Vegans Have Waged War Against Animal Crackers Because They’re In The Shape Of…Animals

You’ve read the title and are now maybe wondering, “Have vegans gone too far?” A specific group of vegans have waged war against animal crackers — and yes, that’s including the vegan versions. These vegans argue that, although the ingredients fit within their belief system, it’s the shape of the crackers that causes concern. As long as animal crackers remain baked in the shape of lions, tigers, and bears, these vegans will refrain from indulging in them. Oh my.
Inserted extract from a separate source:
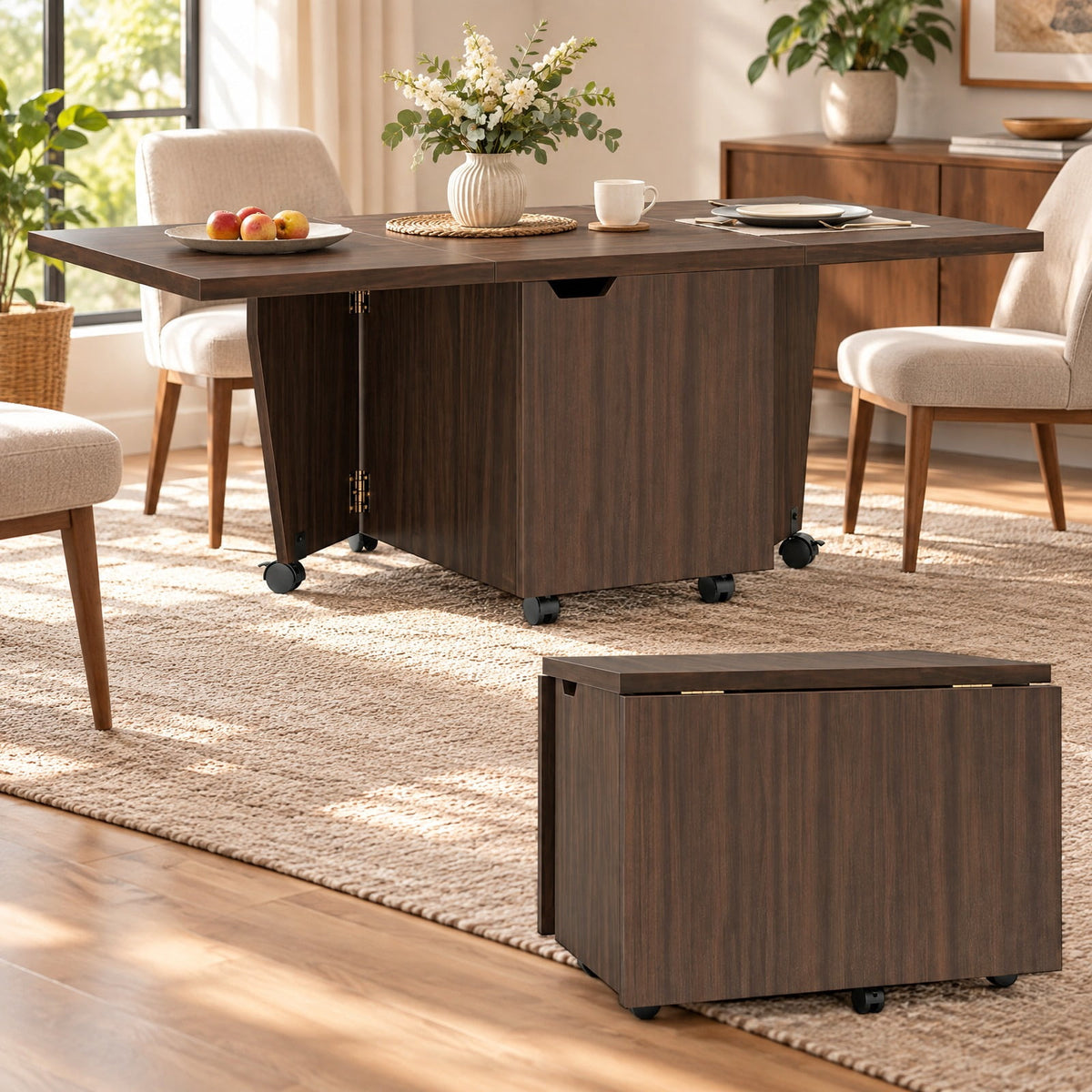 Airfind Foldable Coffee Table with Storage Cabinet Extendable Center Table, 155 lbs Capacity, Engineered Wood Frame, 48in x 24in x 18in Footprint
Many food store chains have released vegan animal crackers to let those who follow a plant-based diet back in on the childhood nostalgia. Nabisco, who packages their Barnum’s Animal Crackers in the iconic single-serving cardboard box with string handle, even went so far as to please PETA by releasing their memorable circus animals from their cartoon cages. But that still hasn’t pleased everyone.

“[Animal crackers have] a clear latent function to socialize children with ideologies of human dominance and reiterate that they have full access to the natural world and the subordinates who live in it,” said Corey Lee Wrenn, a sociology lecturer at Monmouth University and author of A Rational Approach to Animal Rights, via Vice’s Munchies. “By being able to ‘collect’ caged animals, pick them up, handle them, and eventually eat them, notions of human supremacy are underscored.”

Despite the makeup of the crackers, planting the idea that humans can control the fate of animals in children’s heads is the larger issue, Wrenn and other vegans argue.

 

“Children should be taught to respect other animals,” vegan activist and sociology professor at Wittenberg University, David A. Nibert, told Munchies. “Eating their forms as crackers is just another step in the socialization process that accustoms children to exploitation.”

But this argument raises the question, what are we to do about other shaped food items like decorative cakes (please don’t take away our panda- and unicorn-shaped cupcakes!) or gingerbread men? Wrenn said that human-shaped treats are usually generic. However, if we likened them to African American or Jewish persons and marketed them to white children, we’d see a huge issue. Why, he asks, is the marketing of animal crackers to children any different or less problematic?

Although it may appear to be a bit extreme, we suppose it’s a fair argument. As children, we never equalized eating animal crackers to holding extreme power over all animals, but that’s just one group’s experience.

We wish these vegans luck on their crusade to slow the consumption of animal-shaped crackers. But, unfortunately, we enjoy eating them too much to hop on the bandwagon just yet.